In 1804, he contacted Wilhelm Olbers (1758-1840) concerning a paper he had written on comet Halley, using data from observations made by Harriot in 1607. Olbers advised him to elaborate this work further, and it was finally published. On Olbers suggestion, Bessel accepted a post at Lilienthal Observatory, a private observatory near Bremen, owned by Johann Hieronymus Schroeter (1745-1816) in 1806. There he did observational work on comets and planets, in particular planet Saturn and its moons and the newly discovered asteroids Ceres, Juno and Vesta, studied atmospheric refraction, and started to re-investigate astrometric observations of Bradley (1692-1762).
In 1809, Bessel was appointed director of King Frederick William III of Prussia's new Königsberg Observatory, and as professor of astronomy at Albertus University in Königsberg, positions he should keep for the rest of his life. Bessel arrived in May, 1810, lectures started in summer, 1810, and the observatory was completed in 1813. In 1812, he was elected to the Berlin Academy of Sciences.
Also in 1812, Bessel married Johanna Hagen (1794-1885); they had one son, Wilhelm (1814-1840) and three daughters (Marie, 1816-1902; Elisabeth, 1820-1913; and Johanna).
The first instrumentaion of the Königsberg Observatory was purchased from the estate of amateur astronomer Friedrich von Hahn (1742-1805). In 1819, a meridian circle from Reichenbach was added, in 1829, a Heliometer built by Fraunhofer, an instrument suitable for very acurate position measurements, and in 1841, a meridian circle from Repsold.

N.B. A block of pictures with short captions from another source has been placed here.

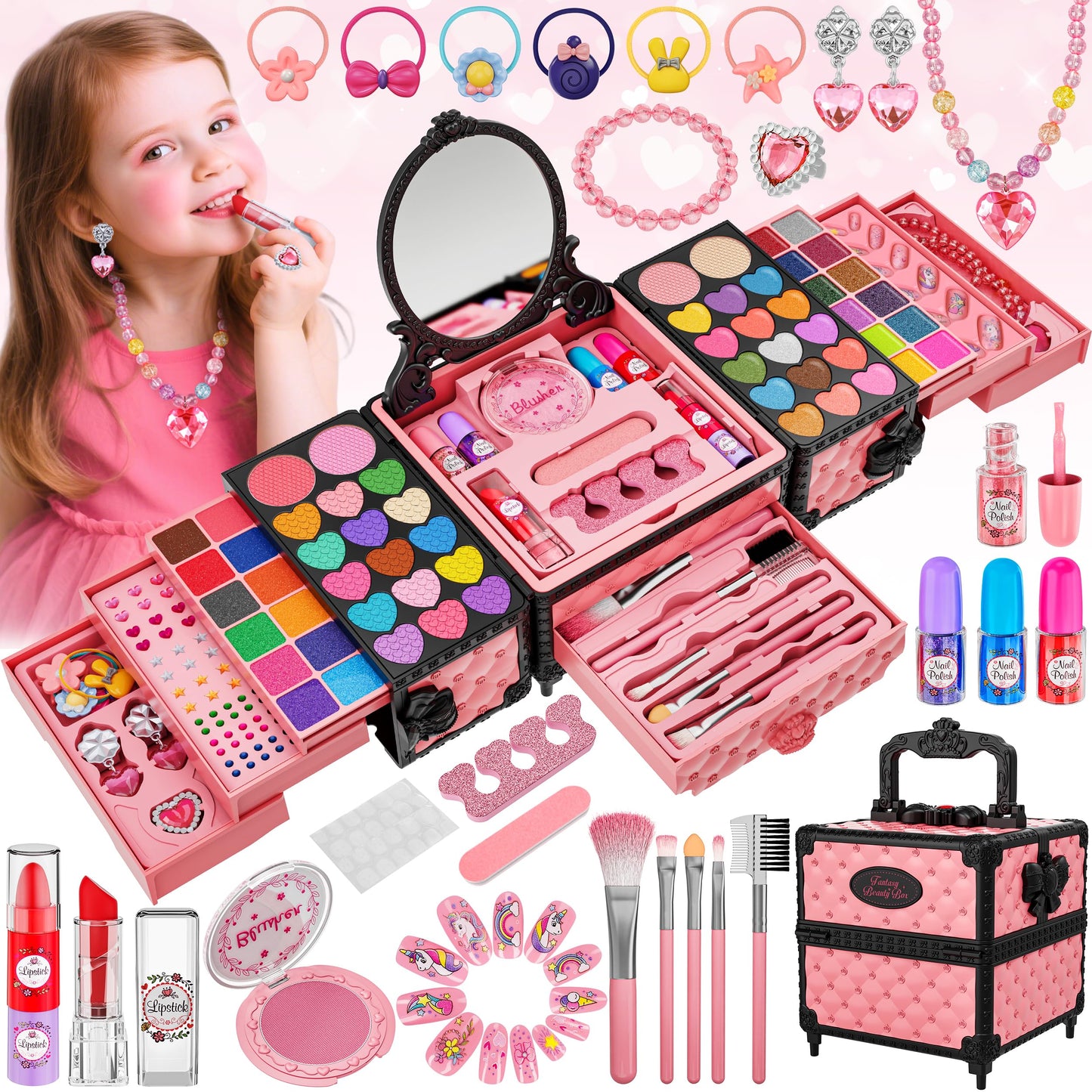 99 Pcs Kids Makeup Kit for Girls, Princess Toys Real Washable Cosmetics Set with Mirror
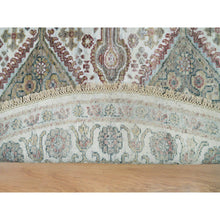 Load image into Gallery viewer, 8&#39;x8&#39; Pearl White, Natural Dyes, Soft And Vibrant Pile, Hand Knotted, Pure Wool, Unique Flower Rosettes Border Design, Shiraz Reimagined, Round Sustainable Oriental Rug FWR395154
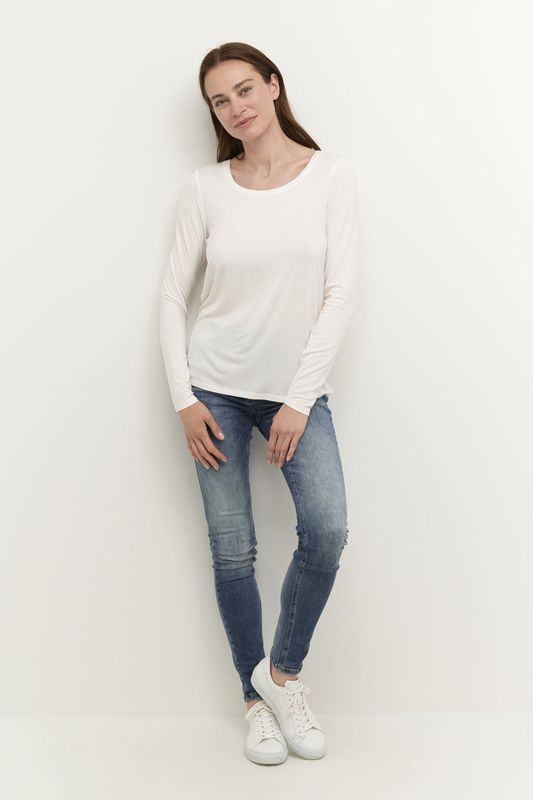 CULTURE - Poppy - T-shirt - Wit - Lange Mouw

During 36 years, Bessel was busily doing astronomical work in Königsberg, including very fundamental achievements, the most prominent being the first successful determination of a stellar parallax and distance. His students include F.W.A. Argelander, Carl August Steinheil and Heinrich Schlüter. Besides these activities, he was ordered to undertake a geodetical survey of East Prussia ("Ostpreussische Gradmessungen"); this work was performed together with J.J. Baeyer in 1831-1832, theoretically evaluated, and published in 1938. From the differences between geodetical and astronomical coordinates, Bessel derived the figure of Earth as an oblated spheroid with ellipticity 1/299.15 (Bessel Normal Ellipsoid). In 1939, his physical studies led to the introduction of a new Prussian measurement system.
Bessel also contributed significantly to mathematics and invented the so-called Bessel functions (also called cylindrical functions) in 1824, and to physics (potential theory, second pendulum).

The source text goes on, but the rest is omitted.